こうしたアイデアを実現すべく、スイスのシオンに本拠を置くEPFLのエネルギー材料グループ(GEM)の科学者らは、電力網および天然ガスグリッドを利用した電力供給の最適化モデルを考案している。
バイオマス資源を最大限に活用するためのアプローチ
余剰電力を有効活用すべく、電力需要があるときには、地域で生成したバイオマスから電力を生成、夜間など電力需要がないときには、水素またはメタンを生成して天然ガスグリッドに注入するとのアプローチがある。GEMでは、電気をメタンとして貯蔵し、メタンを電気に戻すPower2Gas(P2G)技術を研究開発しており、バイオマス資源を最大限に活用したいと考えた。

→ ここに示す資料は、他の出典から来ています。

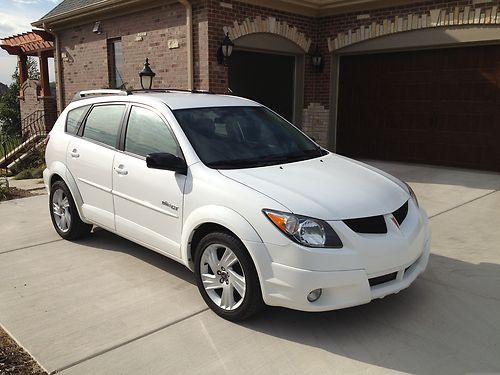 Pontiac vibe gt 2003 same as toyota matrix xrs, excellent condition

こうした背景から科学者らは、「多目的モード」で機能するバイオマスプラントと電力網を対象に、条件ごとの最適な設計を考案している。
バイオマスプラントを地域の再エネシステムに追加する
北ヨーロッパの代表としてデンマークを、南ヨーロッパの代表としてイタリアを設定し、この2か国の条件にモデルを適用したようだ。地域の電力需要、利用可能なバイオマス資源の量と種類、輸送コストおよびその他の多くの要因を評価。効率的なグリッドバランシングアプローチを開発した。同アプローチは、とりわけ太陽光や風力など、気象条件に依存するほかの再エネシステムと組み合わせて利用する際に役立ち、電力ギャップを補う。バイオマスプラントのシャットダウンなしに継続運用が可能。需要に応じてリアルタイムで供給を調整できる。
GEMによるアプローチは、バイオマスプラントを地域の電力網に追加する方法を提案。電力の安定供給およびバイオマス資源の有効活用に活かせそうだ。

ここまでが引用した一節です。